Mumbai Gang Rape and Our Selective Awakening


Last Friday, we in India woke up to another horror.

A young female photojournalist, who was out on an assignment to take pictures of one of the once-lively-but-now-dead-and-deserted textile mill complexes in Mumbai, was raped by a group of five men; her male colleague was bound and left helpless just a few feet away! It was a ghastly crime, one that reminded us all of an equally brutal crime that had happened in New Delhi not many months ago.

Just like "last time," Indian media has a "story" again! A gang rape--that too of a young woman from the journalism fraternity! It's definitely time to shout their lungs out, spill anger through their pens, and demand "strict punishment (read "death penalty)."

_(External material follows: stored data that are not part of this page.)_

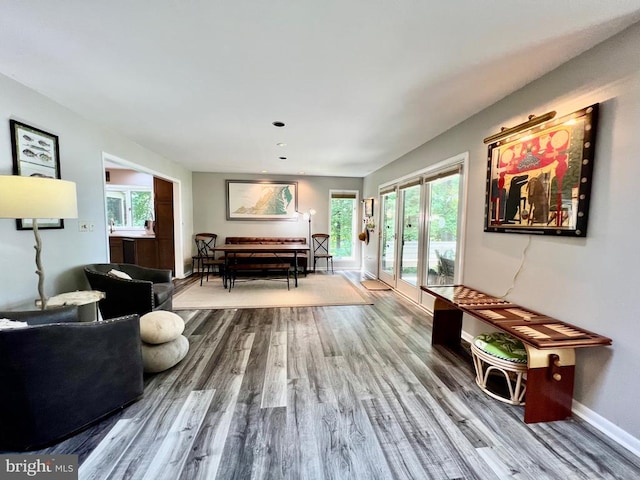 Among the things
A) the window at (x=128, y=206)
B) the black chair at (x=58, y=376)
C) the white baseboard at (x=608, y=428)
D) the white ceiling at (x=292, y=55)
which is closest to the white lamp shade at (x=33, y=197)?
the black chair at (x=58, y=376)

Just like, "last time" Women young and not-so-young are outraged. They are scared once again ("tomorrow, it can be me!"), but they don't like this feeling of being scared... and they are furious. They are out on the streets in protest--some with their mouths covered with black bands, others shouting slogans--demanding safety for women and justice for the victim (or should we call her the survivor?).

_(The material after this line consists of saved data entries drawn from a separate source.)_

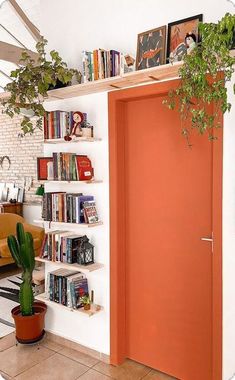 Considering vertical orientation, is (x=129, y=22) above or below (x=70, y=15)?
below

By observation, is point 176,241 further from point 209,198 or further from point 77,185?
point 77,185

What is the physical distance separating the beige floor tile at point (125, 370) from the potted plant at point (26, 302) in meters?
0.67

Yes, we in Mumbai are all shaken by this horrific incident, and it seems that everyone is woken up to the crimes committed against women.

But is it really so? What we choose to not see is that between the Delhi gang rape and the Mumbai gang rape, there have been many more rapes and there have been many even before "last time." Pick up any of our daily newspapers any day, and somewhere on the inner pages, tucked inside those tiny "crime" columns, you can find news of rape--coming from small towns and villages and slums of big cities. But no one comes out in solidarity of these victims (survivors?), no one seeks justice, no one feels the anger, no one wants the perpetrators to be hanged. We don't see such agitation in media or the public.

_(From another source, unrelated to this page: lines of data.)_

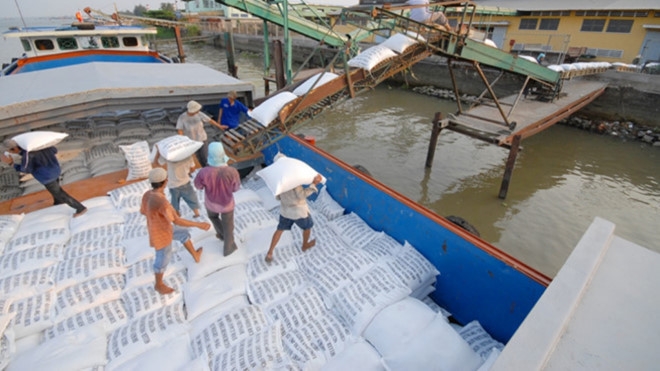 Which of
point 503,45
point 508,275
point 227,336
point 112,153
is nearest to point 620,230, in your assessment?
point 508,275

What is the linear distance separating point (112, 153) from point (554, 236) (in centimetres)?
934

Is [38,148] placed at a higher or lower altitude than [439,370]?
higher

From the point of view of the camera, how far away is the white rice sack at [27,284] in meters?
3.14

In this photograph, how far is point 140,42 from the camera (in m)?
12.5

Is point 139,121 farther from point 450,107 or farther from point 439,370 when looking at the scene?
point 450,107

In a shocking development lately, the main accused of the Mumbai gang rape case has confessed of having raped four other women at the same place... only those were the poorest of the poor--rag-pickers--of whom no one takes any notice.

These are the most vulnerable group of women... no one bothers about them, and definitely not the police! They don't have the courage to walk up to a police station and file a complaint because chances are high that they will be abused even by the police.

The truth, though hard to face, is that even the citizen of Mumbai, who are all out in solidarity with the young photo-journalist--shouting slogans, asking the accused to be hanged, venting their anger--won't bat an eyelid for these other victims.

It is this selective awakening that makes me hang my head in shame. It is this bitter truth that stops me from joining the uproar, going out shouting slogans, lighting candles. It leaves me wondering... will we, as a nation, ever really care about our women--without first looking at their social and financial backgrounds?